Nice haul there! I love the broom and the orange jar. (I got that one from my SR in the first exchange and it is a fav)


----------



## spookyone (Aug 23, 2009)

sry ive been too busy to get one here and post my gift btw thank you thank you thank you thank you i just freaking loved it!!!!!!


----------



## Hollows Eva (Sep 29, 2011)

ooh nice! What is the creeping thing in between the while pumpkin and the white bats and såiders? Is it a gargoyl? or a giant mean rat?


----------



## Halloween_Queen (Sep 20, 2008)

i think its a cat? lol


----------



## Hollows Eva (Sep 29, 2011)

Halloween_Queen said:


> i think its a cat? lol


oh..  hehe..


----------



## printersdevil (Sep 7, 2009)

I wondered the same thing. I also love the flicker lights on the skellie things. Nice SR gifts!


----------



## Drucilla Skreem (Oct 3, 2009)

To my reaper, what does "It's coming" mean?


----------



## Hollows Eva (Sep 29, 2011)

lol, maybere theres a second pack on its way ( i dont know cuz i aint youre reaper hehe)


----------



## Hearts1003 (Aug 23, 2010)

My phone won't post my pics.  I'll have to post pics later.


----------



## ajbanz (Mar 30, 2008)

You have all been busy this weekend. Great creativity on all the gifts. There should be more arriving this week!!!


----------



## Hearts1003 (Aug 23, 2010)

My reapings! Already have cauldron out on display with my witch!


----------



## Hearts1003 (Aug 23, 2010)

Yeah! I did it! Finally got it to post!


----------



## Hollows Eva (Sep 29, 2011)

ooh cool stuff. Love the little yellow bottle and the spellbook!


----------



## nhh (Oct 7, 2008)

More wonderful gifts. I love everything...

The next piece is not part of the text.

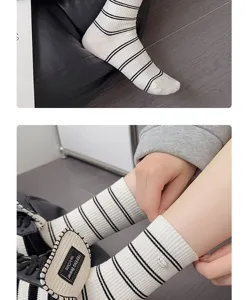 Cute white cotton mid-calf socks featuring black stripes and delicate details for daily wear.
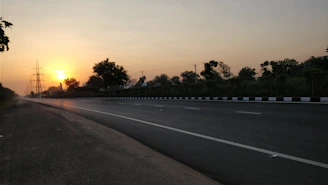 A freshly paved highway stretching through a vibrant landscape at sunrise.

So Hallows Eva, have you recovered from your candy corn binge yet??


----------



## RedThreadDIY (Sep 15, 2011)

YAY! I got reaped today! I literally ran to the door when I heard it ringing. UPS Man! YAY! My reaper was Halloween Scream - and she sent all of these great items! 









I got a really cool red/black crackle painted planter, a really cute (yet scary) spider that is poseable for my tree with some spider webs, a handmade personalized skull tote, and 3 frames that were painted black with vintage postcards in them. 

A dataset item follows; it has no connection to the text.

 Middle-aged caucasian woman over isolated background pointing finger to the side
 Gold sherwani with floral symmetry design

Just so I don't go crazy and post every photo here on the forum, here is a link to all of the photos I took of my new stuff! http://www.flickr.com/photos/redthreaddiy/sets/72157627970683416/detail/

I love it all! I can't wait to plant something in my new planter, decorate my tree with the spider in my backyard, hang up the photos, and wear my tote around! The spider looks like he unwinds like CRAZY - I bet he's going to be huge once I get him stretched out. A lot of thought went into this gift, and I am very happy with what I got. Thank you!!!


----------



## Hollows Eva (Sep 29, 2011)

LOL Nhh.. yes thanx im all better now..and less sugar high. I need to start importing them to my contry lol...


ooh and i see others have started uncovering their secret reaper, so a certain someones name is gonna go on my piccys now


----------



## Hollows Eva (Sep 29, 2011)

oh and redtreadDIY im so happy didnt spread the megaspider on the piccy LOL. That bag is really cool!!


----------



## robzilla69 (Sep 8, 2009)

Im so happy! Ive been reaped!!!!!!!!!!!!!!!!! Thank you midnightterror!


----------



## blueczarina (Aug 18, 2011)

i've been reaped!  thank you so much to my reaper whoever you are. they made me a fantastic mummy head and also gave me an awesome skull candle, a glass skull bowl, some spooky platters and bottle labels, eyeball gumballs, and some creepy critters. thanks again!


----------



## Hollows Eva (Sep 29, 2011)

wow that mummy is awsome!! So are they eyeballs lol. I dont know why i have something for eyeballs haha..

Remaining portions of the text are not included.